» **RECORDED DATA**

********************

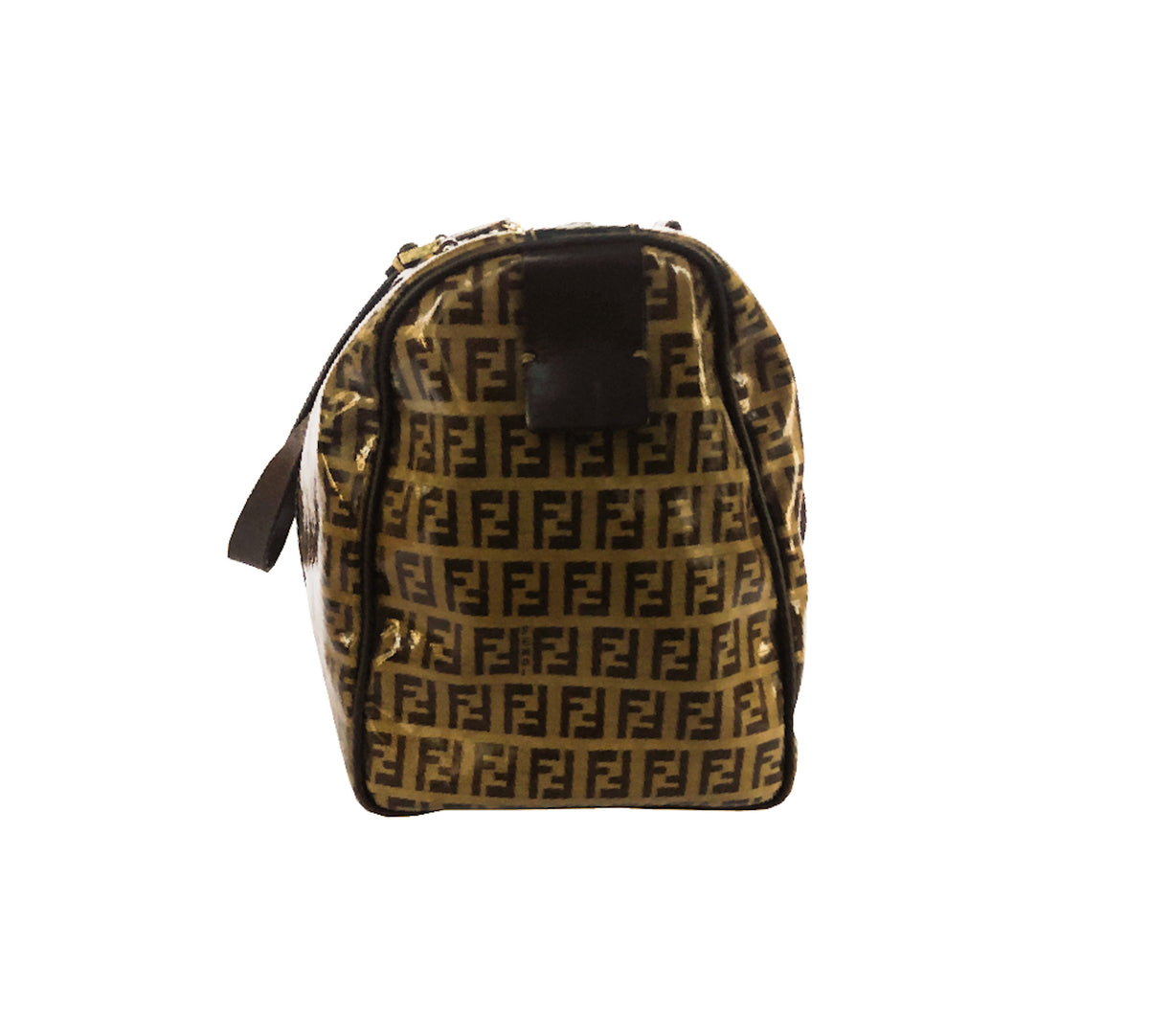 Fendi Brown Boston PVC Zucchino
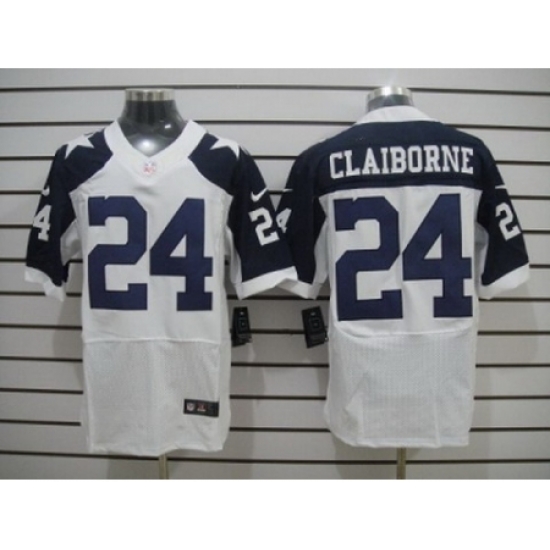 Nike Dallas Cowboys 24 Morris Claiborne white Elite Thankgivings NFL Jersey Nike Dallas Cowboys 24 Morris Claiborne white Elite Thankgivings NFL Jersey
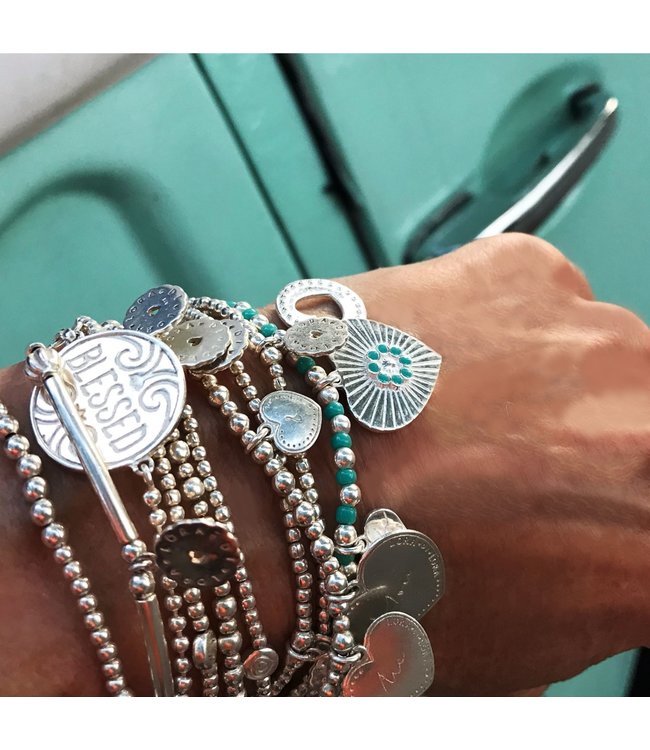 Armband Bachata St. Tropez (Caribbean Turquoise)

********************

» **ACTIVITY**
A word-for-word copy of the data, without its pictures, is what is needed.

» **EXERCISE SOLUTION**
 Fendi Brown Boston PVC Zucchino
 Nike Dallas Cowboys 24 Morris Claiborne white Elite Thankgivings NFL Jersey Nike Dallas Cowboys 24 Morris Claiborne white Elite Thankgivings NFL Jersey
 Armband Bachata St. Tropez (Caribbean Turquoise)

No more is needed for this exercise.